Greatest hits album by Wu-Tang Clan
- Released: October 26, 2004
- Genre: Hip-hop
- Length: 69:42
- Label: BMG Heritage

Wu-Tang Clan chronology
| Disciples of the 36 Chambers: Chapter 1 (2004) | Legend of the Wu-Tang: Wu-Tang Clan's Greatest Hits (2004) | Wu-Tang Meets the Indie Culture (2005) |

= Legend of the Wu-Tang: Wu-Tang Clan's Greatest Hits =

Legend of the Wu-Tang: Wu-Tang Clan's Greatest Hits is a compilation album by the American hip hop group Wu-Tang Clan, released in 2004. It is notable for including the original uncensored version known as the "Bloody Version" of "Protect Ya Neck", a remix of the song "Method Man" with alternate verses, as well as "Shaolin Worldwide", "Sucker M.C.'s" (a Run D.M.C. cover) and "Diesel", three tracks the Wu-Tang produced for soundtracks and compilations. The inside booklet can be unfolded to form a mini-poster of the group. The album was made to further cement Wu Tang Clan's legacy as one of the most influential groups in recent years. The album was also made to not only help introduce new listeners to the group's music but to also satisfy fans of the group as well.

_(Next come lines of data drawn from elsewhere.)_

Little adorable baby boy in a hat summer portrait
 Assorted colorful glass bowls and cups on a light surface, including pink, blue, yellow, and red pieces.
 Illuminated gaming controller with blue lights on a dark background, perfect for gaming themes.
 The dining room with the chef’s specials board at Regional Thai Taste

The album debuted at number 72 on the Billboard 200 chart. In the United Kingdom, it opened at number 28 on the UK Hip Hop and R&B Albums Chart. In 2025, the album was certified Gold by BPI.

Professional ratings
Review scores
| Source | Rating |
| AllMusic | Star |
| AllHipHop | Star |
| NME | 10/10 |
| RapReviews | 8/10 |
| Tom Hull | A− |

==Track listing==

Legend of the Wu-Tang: Wu-Tang Clan's Greatest Hits track listing
| No. | Title | Original album | Length |
|---|---|---|---|
| 1. | "C.R.E.A.M." | Enter the Wu-Tang (36 Chambers) | 4:10 |
| 2. | "Method Man" (Skunk Mix) | Enter the Wu-Tang (36 Chambers) | 3:09 |
| 3. | "Protect Ya Neck" (Bloody Version) | Enter the Wu-Tang (36 Chambers) | 5:03 |
| 4. | "Wu-Tang Clan Ain't Nuthing ta F' Wit" | Enter the Wu-Tang (36 Chambers) | 3:32 |
| 5. | "Can It Be All So Simple" | Enter the Wu-Tang (36 Chambers) | 4:11 |
| 6. | "Shame on a Nigga" | Enter the Wu-Tang (36 Chambers) | 2:54 |
| 7. | "Da Mystery of Chessboxin'" | Enter the Wu-Tang (36 Chambers) | 4:47 |
| 8. | "Reunited" | Wu-Tang Forever | 5:22 |
| 9. | "It's Yourz" | Wu-Tang Forever | 4:13 |
| 10. | "Triumph" (featuring Cappadonna) | Wu-Tang Forever | 5:37 |
| 11. | "Gravel Pit" | The W | 4:13 |
| 12. | "Protect Ya Neck (The Jump Off)" | The W | 3:58 |
| 13. | "Sucker M.C.'s" | In tha Beginning...There Was Rap | 3:44 |
| 14. | "Uzi (Pinky Ring)" | Iron Flag | 5:17 |
| 15. | "Shaolin Worldwide" | Next Friday soundtrack | 4:03 |
| 16. | "Diesel" (featuring RZA, Method Man, U-God, Raekwon & Ol' Dirty) | Soul in the Hole soundtrack | 5:29 |

==Charts==

2004 Chart performance for Legend of the Wu-Tang: Wu-Tang Clan's Greatest Hits
| Chart (2004) | Peak position |
|---|---|
| UK R&B Albums (OCC) | 28 |
| US Billboard 200 | 72 |

2025 Chart performance for Legend of the Wu-Tang: Wu-Tang Clan's Greatest Hits
| Chart (2025) | Peak position |
|---|---|
| Greek Albums (IFPI) | 29 |

== Certifications ==

| Region | Certification | Certified units/sales |
| United Kingdom (BPI) | Gold | 100,000^{‡} |
^{‡} Sales+streaming figures based on certification alone.